Ambassador Fu indicated that the recent years have witnessed a fast growth of overseas Chinese students in UK. Most of the graduates have gone back to China for employment and become talents pushing for development in China. As China adjusts its economic structure, there has been a growing demand for high-level talents, in particular those with overseas working experience. Many Chinese students wish to work in British enterprises after graduation to accumulate experience. However given current regulations, it’s fairly difficult for Chinese students to hunt for jobs and get visas. Over the years, overseas Chinese students in America and other countries have got the chance to work in local enterprises. They have won favor of major Chinese companies because of their overseas working experience, and many have got into top management, serving as forces promoting commercial and investment cooperation between China and America and other countries. She expressed hopes that UK would value the precious resources of overseas Chinese students in UK, adjust employment policy targeted for Chinese students, facilitate more Chinese students to work in major British companies, and train talents for the benefits of Sino-British economic cooperation.
Fu Ying noted that the high expenses of student visa extension should be given due attention by the British side. Many Chinese students will flinch at increased expenses. Students have reacted strongly and many British schools also have complaints.From a long-term perspective, this will affect Sino-British educational cooperation.

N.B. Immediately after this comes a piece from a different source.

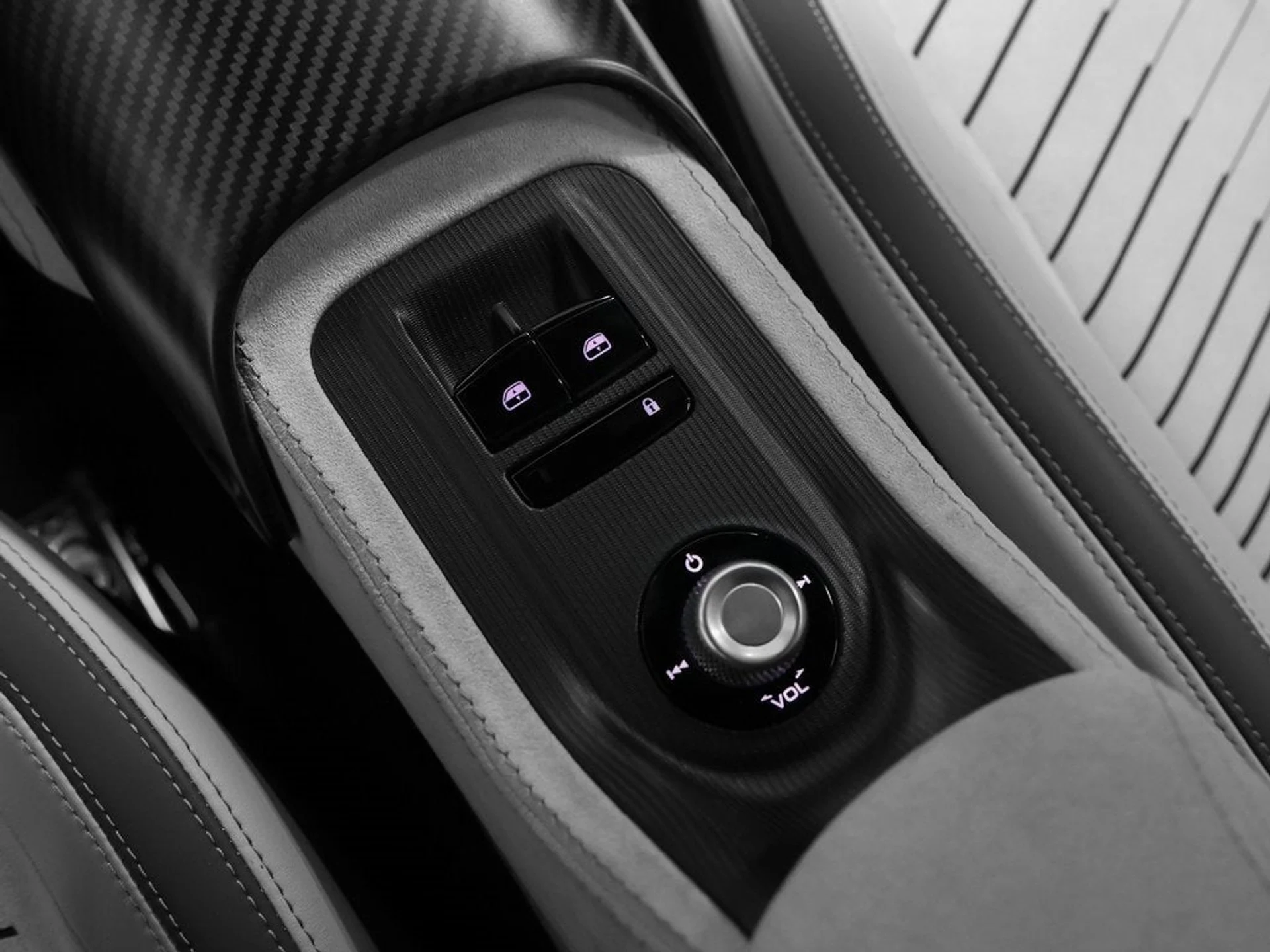 mph055_2966751345_56_4de6962d5a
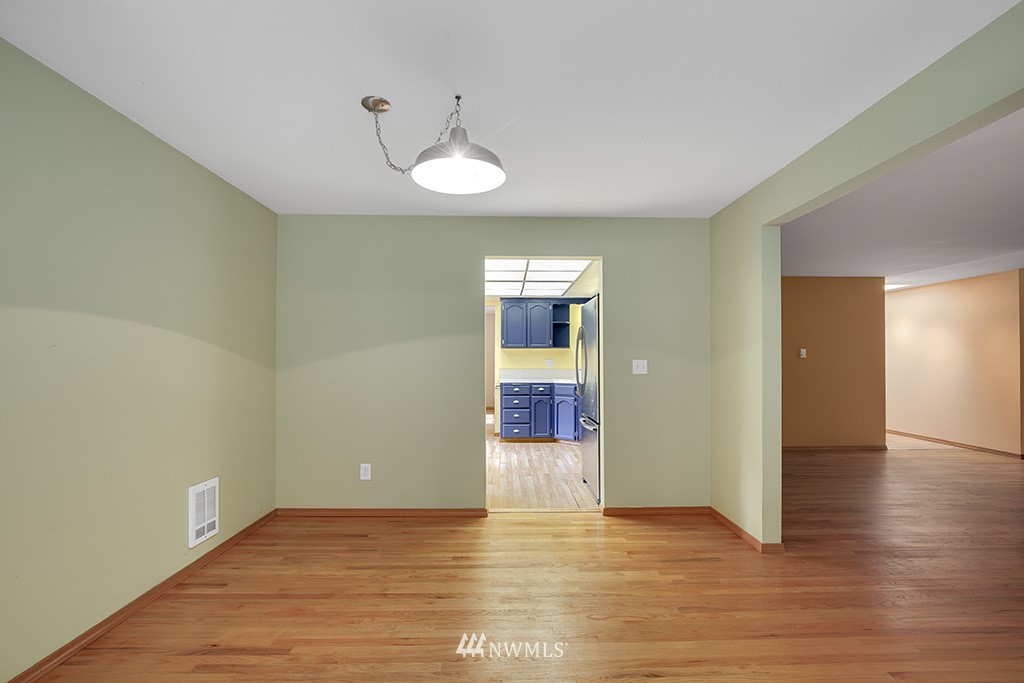 12711 Alexander Road Everett, WA 98204 - Photo 10 of 25 Gallery Image 10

Byrne thanked Ambassador Fu for her advice of giving more employment opportunities to Chinese students, and promised to give it further consideration. He also indicated that efforts are being made to simplify student visa categories.
On staff shortage of Chinese restaurants that the Chinese community have reacted strongly, Fu Ying said the immigration point system recently launched by the British government and the fact of publicizing on Border Agency website the list of those restaurants fined for employing illegal labor have challenged the development of Chinese catering industry. Over 10,000 Chinese restaurants and take away restaurants in UK are under great pressure, and even risk closures. Fu once again expressed her hopes that the British side would give full consideration to the particularity of Chinese catering industry and lower access threshold of cooks. Byrne noted that his previous personal visits to Chinese restaurants and talks with Chinese cooks gave him new understanding of the Chinese catering industry. MAC will publish at the end of August staff shortage report of various trades including the Chinese catering industry.
The two sides also exchanged views on the implementation of the MOU on facilitating legal travel and combating illegal migration.